=== Task ===
Could you retype only the lines from the one containing "Ford C-Max Energi SE FWD 2017" through the final line of the entries, both included, skipping any images?

Extracted data entries:
+-------+

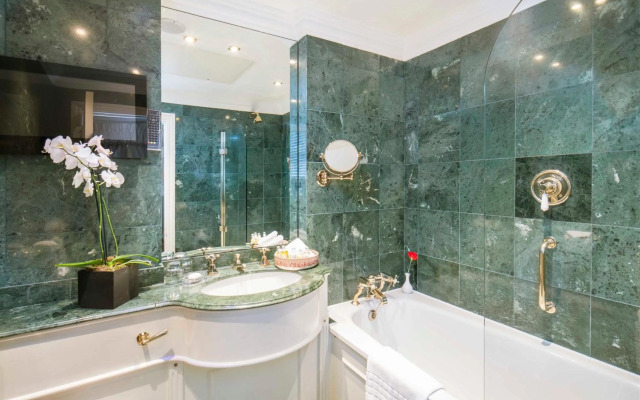 The Egerton House Hotel
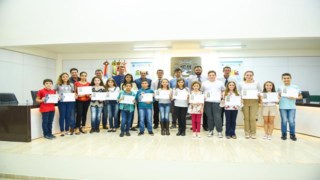 Câmara Municipal de Vereadores realiza Sessão Solene Câmara Municipal de Vereadores realiza Sessão Solene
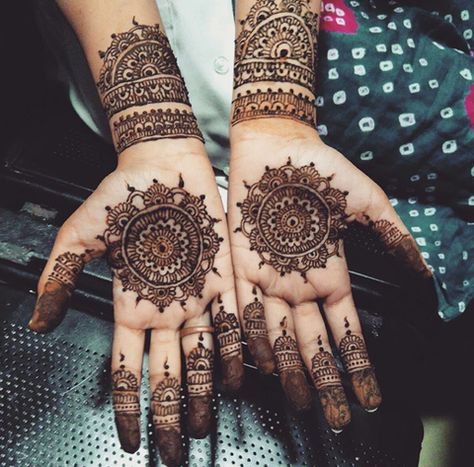 25 Beautiful Henna Design Inspirations – Saraswati Designs Mehndi Designs Finger, Henna Hand Designs, Round Mehndi Design, Henna Hands, Inai Pengantin, Simple Arabic Mehndi Designs, Arabic Henna Designs, Indian Mehndi Designs, Tato Henna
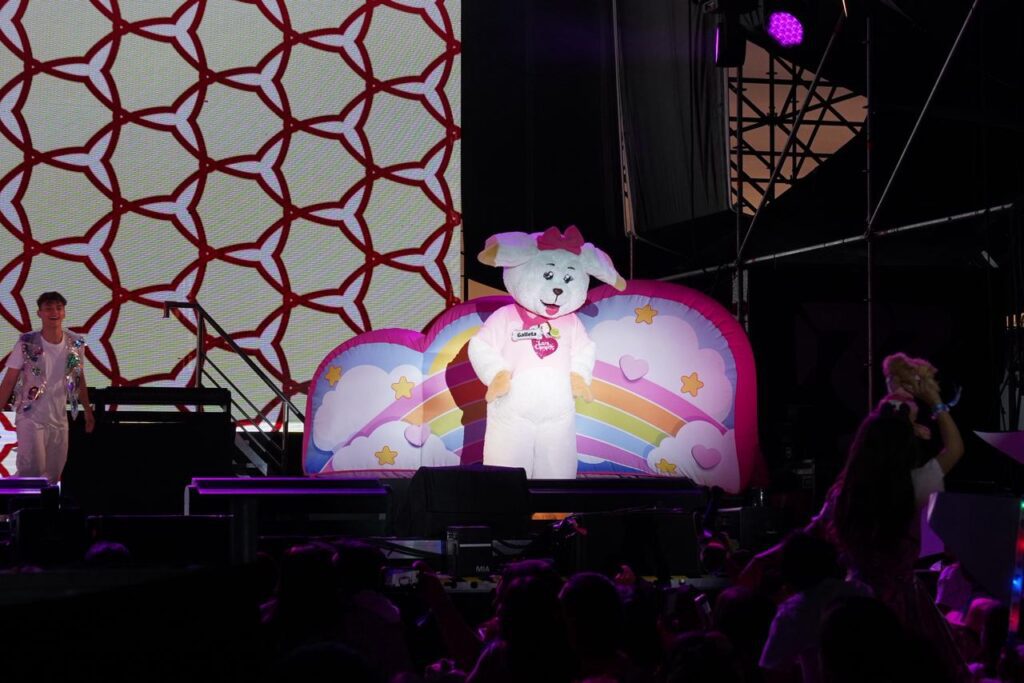 "Galleta" anima el concierto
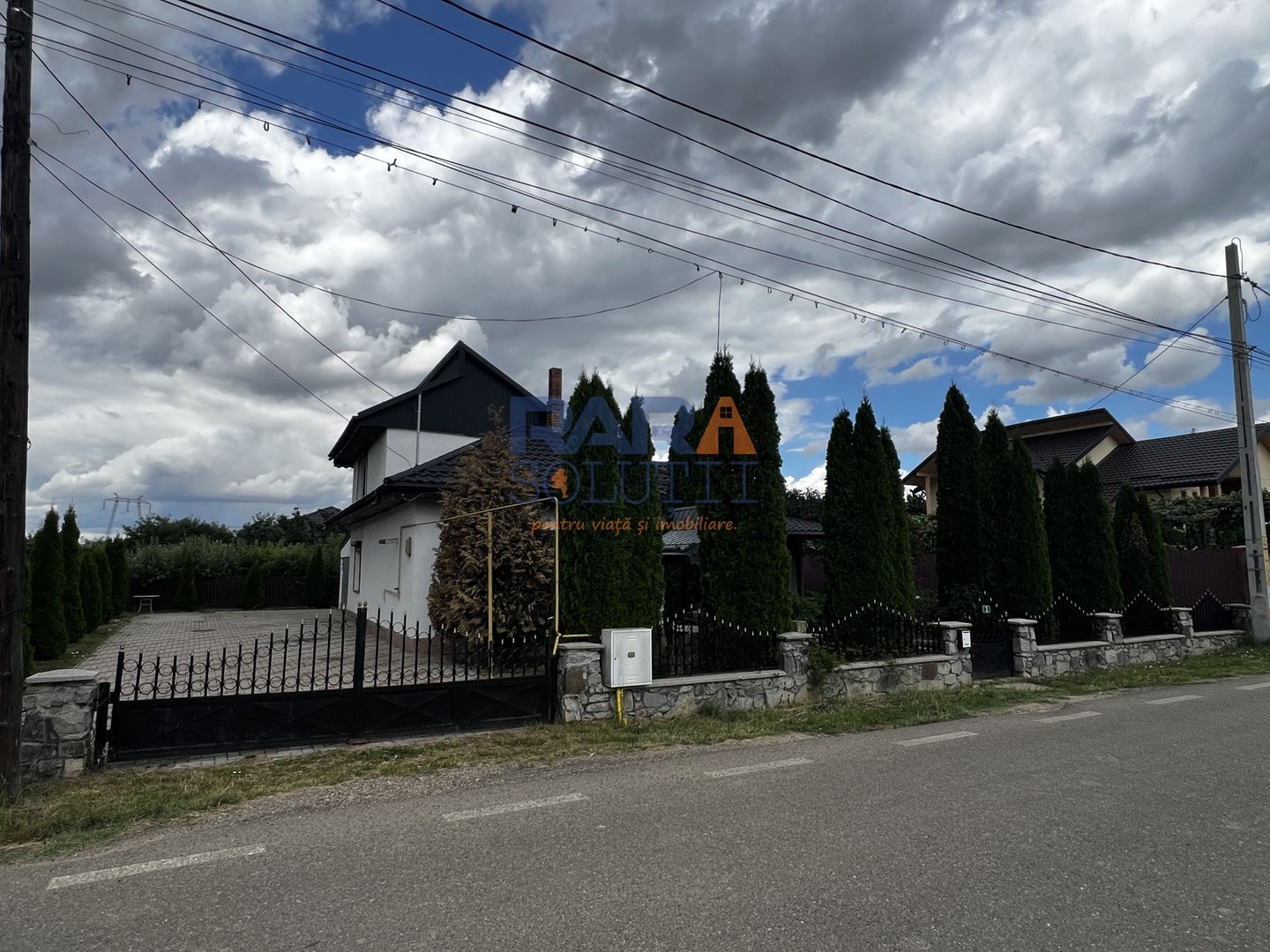 Casă Cordun, 2 dormitoare + living, 1000 mp teren - Poză 2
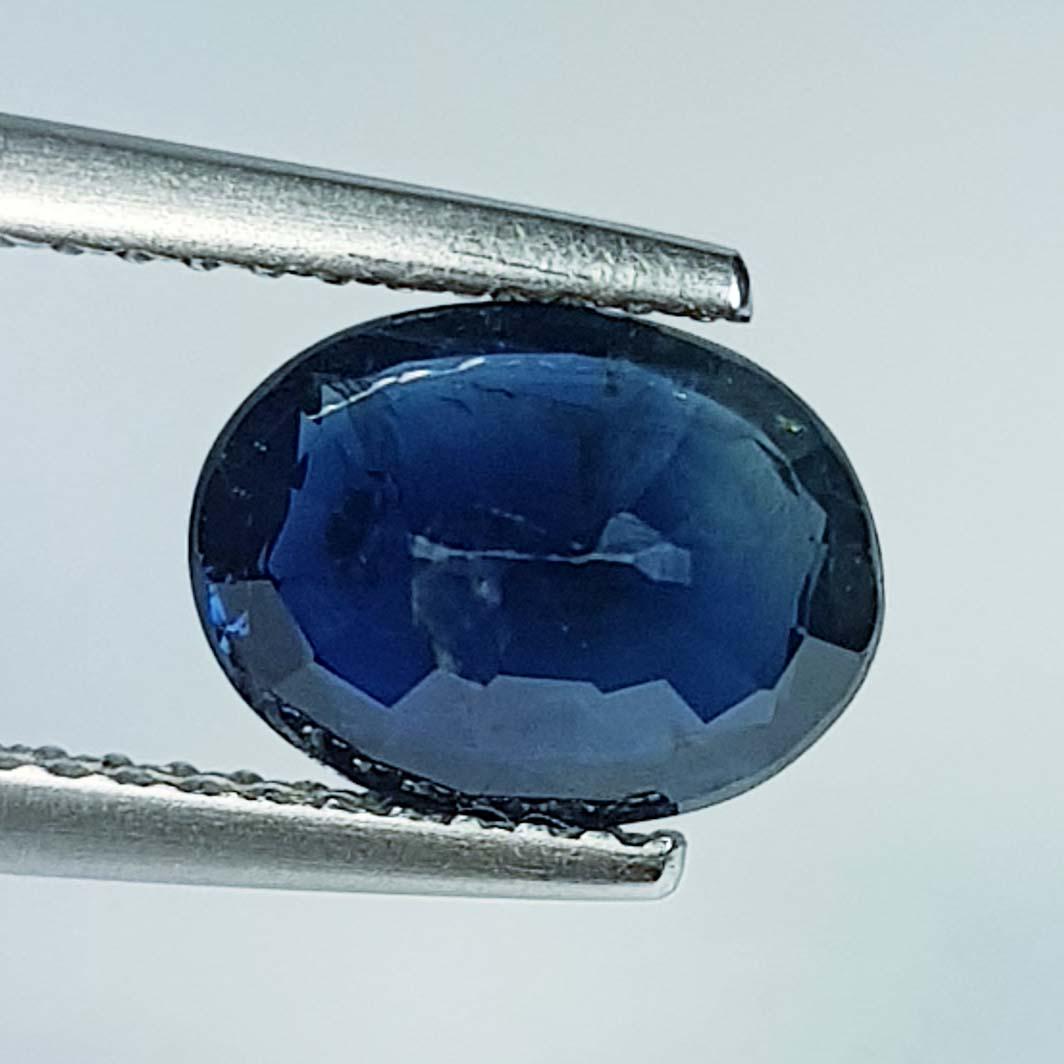 2.05 Ctz Natural Blue Sapphire: No Reserve! Title: 2.05 Ctz Natural Blue Sapphire Color/Clarity: Blue / VS Gemstone: Sapphire Carat Weight: 2.05 Size/Dimensions: 9.90 x 6.70 x 4.00 Additional Information: Oval / Burma Shipping:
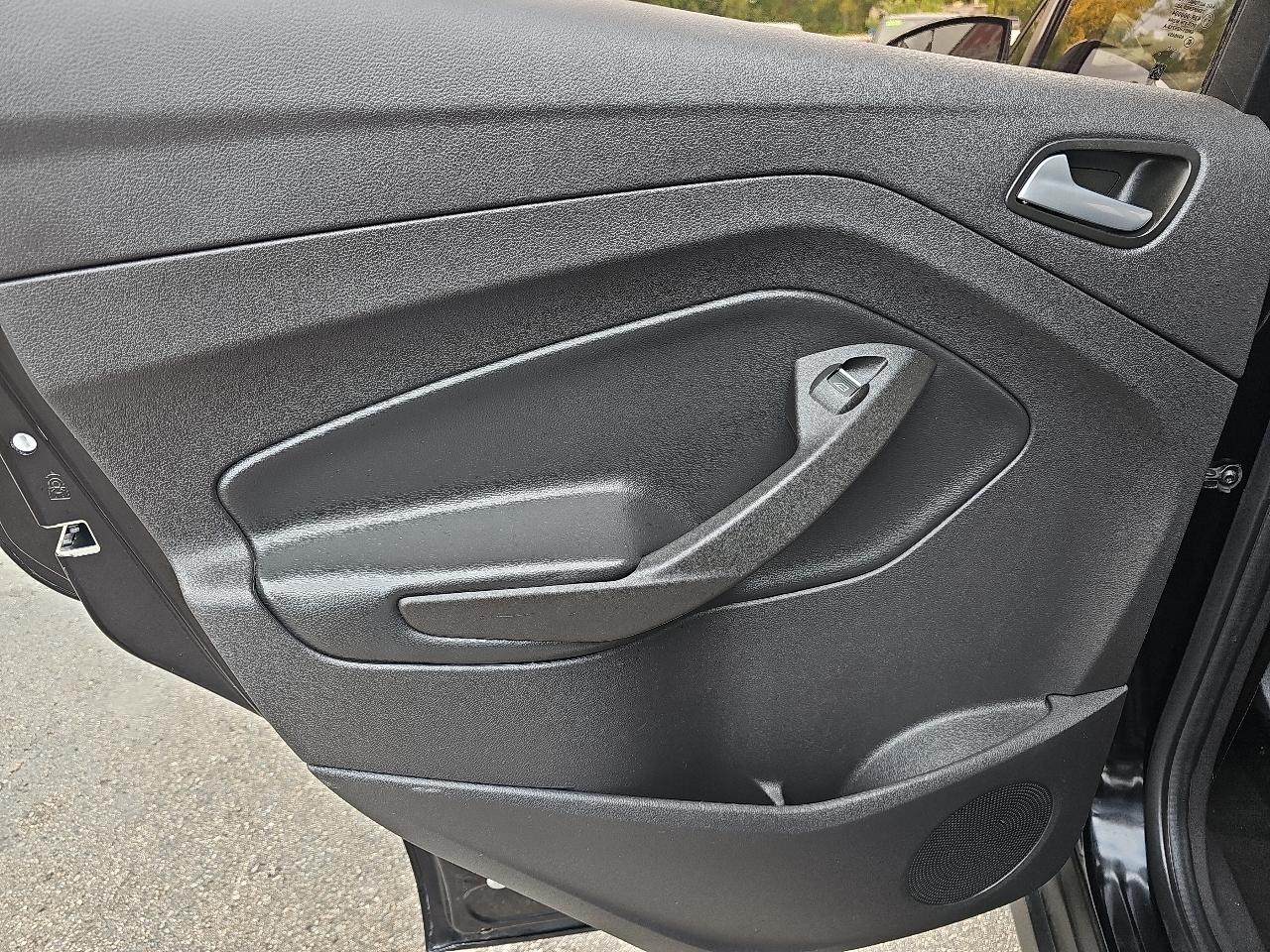 Ford C-Max Energi SE FWD 2017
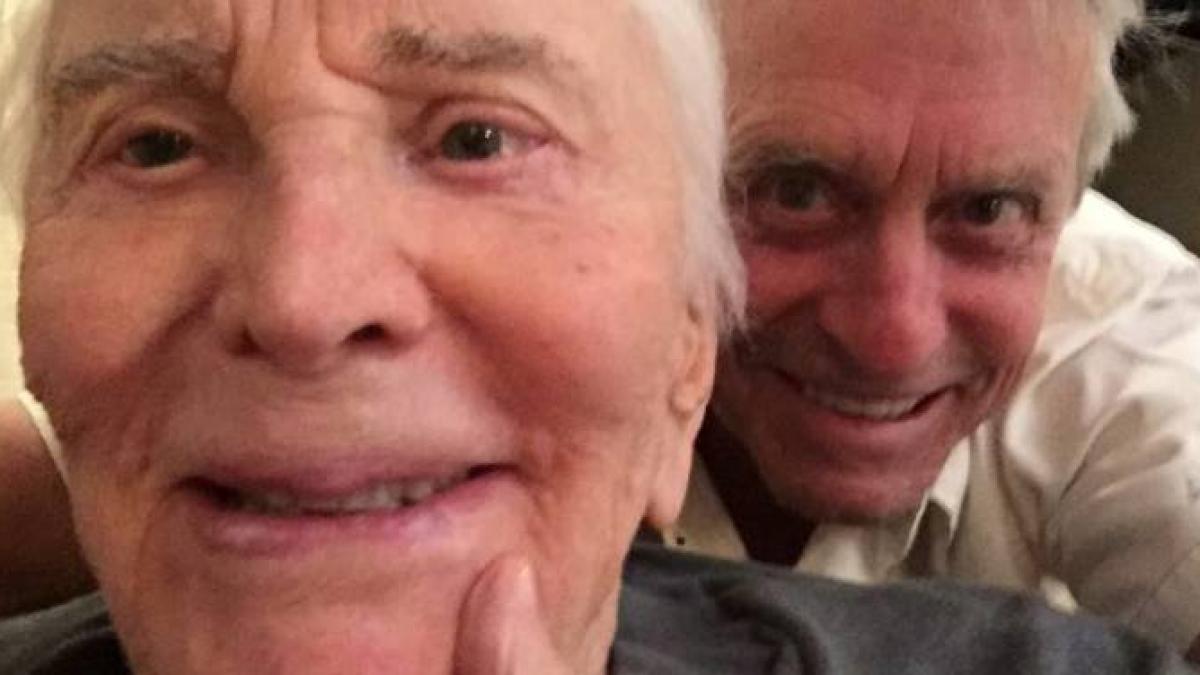 Kirk Douglas, eternul gladiator, împlineşte vineri 100 de ani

+-------+

=== Worked solution ===
 Ford C-Max Energi SE FWD 2017
 Kirk Douglas, eternul gladiator, împlineşte vineri 100 de ani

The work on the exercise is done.